Just set aside for a moment the fact that every new edition of WotC D&D* appears to be fighting the previous edition's "battle" and overcorrecting for an old problem so as to create entirely new ones. Even if you ignore that whopper of an issue, it's abundantly clear—and has been for many years now, as previously articulated during the height of the OSR by voices as varied as Dan Proctor and James Maliszewski—that tabletop games aren't a technology and don't "advance" like one. So it's best, I think, not to lend undue support to that kind of thinking. It denies the simple fact that OD&D is a perfectly playable game in its own right, one that stands on its own just fine; and that this is also true of AD&D 1st Edition, and for that matter every other old edition of an RPG that's ever been superseded by a newer one.
And then, of course, there's the even more glaringly obvious problem: the basic logic of the matter. Even if OD&D is the immediate predecessor to AD&D 1st Edition (which it inarguably is), that doesn't make OD&D the 0th edition of Advanced D&D, because original D&D is not AD&D. OD&D can only be called "zeroth" in relation to its more popular Advanced descendants, but on its own terms, it's not a precursor or a prototype at all: it's just a game. The D&D game. Calling the white box "0e" makes zero sense from this perspective, because it's already the first edition of the game called Dungeons & Dragons.
Now, this realization is both obvious (indeed, almost trivially so) and a mild annoyance. Because it's impractical. We essentially cannot go around referring to white box OD&D as "1e" because everybody who cares even a little bit about old D&D editions already uses "1e"/"first edition" to refer only to AD&D 1st Edition.
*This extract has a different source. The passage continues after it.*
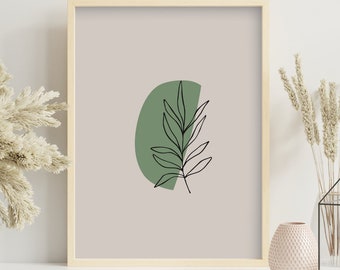 Minimalist Abstract Plant Art, Digital Print, Plant Outline Wall Art, Green Plant Print, Instant Download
For the same reason, we are all of us forbidden—by the power of common usage and cultural convention, no less—from referring to B/X as the "2nd edition" of the D&D game, even though that's actually what it is. "2e"/"2nd edition" will always and forevermore refer only to AD&D 2nd Edition in the minds of gamers and grognards. (Though it is getting a bit of competition from Pathfinder 2e these days in some circles…)
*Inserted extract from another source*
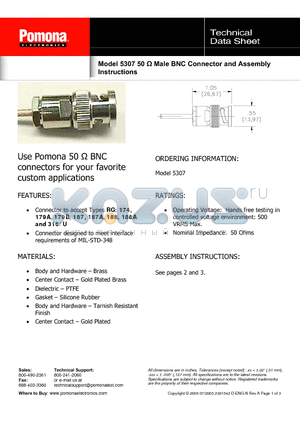 5307 datasheet - BNC Connector and Assembly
And so it goes. When some uninitiated neophyte who only knows 5e and Critical Role—or, frankly, a veteran player with fifteen or twenty years of gaming under their belt who knows every obscure rule from 3.5 and Pathfinder—approaches my public game-table at the local comic shop and asks "what edition" of D&D I'm playing, they expect to be answered with a number between one and five. And then I feel obliged—even if I'm playing BECMI or running my game out of the Rules Cyclopedia—to say something wholly nonsensical and inaccurate (like "0th edition") in order to save both myself and my hapless interlocutor from a nerdy and eye-glazing explanation of red boxes and blue boxes and Basic Sets.
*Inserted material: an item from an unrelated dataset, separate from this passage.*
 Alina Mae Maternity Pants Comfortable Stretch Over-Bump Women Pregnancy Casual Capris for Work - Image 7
It's tiresome. It's annoying.
• • •
If I had my druthers, I'd call the games what they call themselves. I'm a fan of that: using the names that appear in the actual text. And, heck, it's been a while since I've done the "English major" thing. So let's go to the text.
We can't start with the white box, because of course the white box only ever refers to itself as Dungeons & Dragons, never giving any inkling or indication of successor editions. AD&D 1st Edition only rarely refers back to the "original D&D" game, but when it does, the word "original" is just a modifier, lower-case and not boldfaced, so it's set apart from the title of D&D: in the 1st Edition books, there are only the frequent self-references to Advanced Dungeons & Dragons and the sparse and occasional references to the original Dungeons & Dragons (or to one of its specific volumes or supplements).
Concerning the proper names for the two TSR-published AD&D editions, I was surprised to note (when I started researching the topic) that the first edition of the game is referred to as Original [Edition] Advanced Dungeons & Dragons in the text of the 2e books more frequently than it's referred to with any variation on "first edition." The 2nd edition, of course, is called "Advanced Dungeons & Dragons 2nd Edition" all over the place (including on the covers), with that capital "E" marking the edition number as a formal part of the game's title. But for first edition, well…
You can see an example of this in the AD&D 2e preview document, which refers to AD&D 2nd Edition in this formal fashion, but "first edition AD&D" more informally.
By the time of the PHBR splatbooks, though, we have both "Original Edition" and "1st Edition" being used more or less interchangeably when referring back to the older rules. So it would seem that as far as AD&D 1st Edition goes, both "AD&D 1e" and the somewhat less common "OAD&D" are equally correct (and official).
Things get a little bit more interesting when we turn our attention to the Cook/Marsh Expert Set. This volume, on page X4, refers to the Moldvay Basic Set several times as the "2nd Edition" of D&D Basic—which, of course it is, as the Moldvay Set has replaced the Holmes Set as of 1981. But curiously, this is also the only place anywhere in the text of any Classic D&D rulebook where any part of Classic D&D is referred to with an edition number. So B/X straight up calls itself "2nd Edition"—but, tellingly, BECMI never, ever calls itself "3rd"!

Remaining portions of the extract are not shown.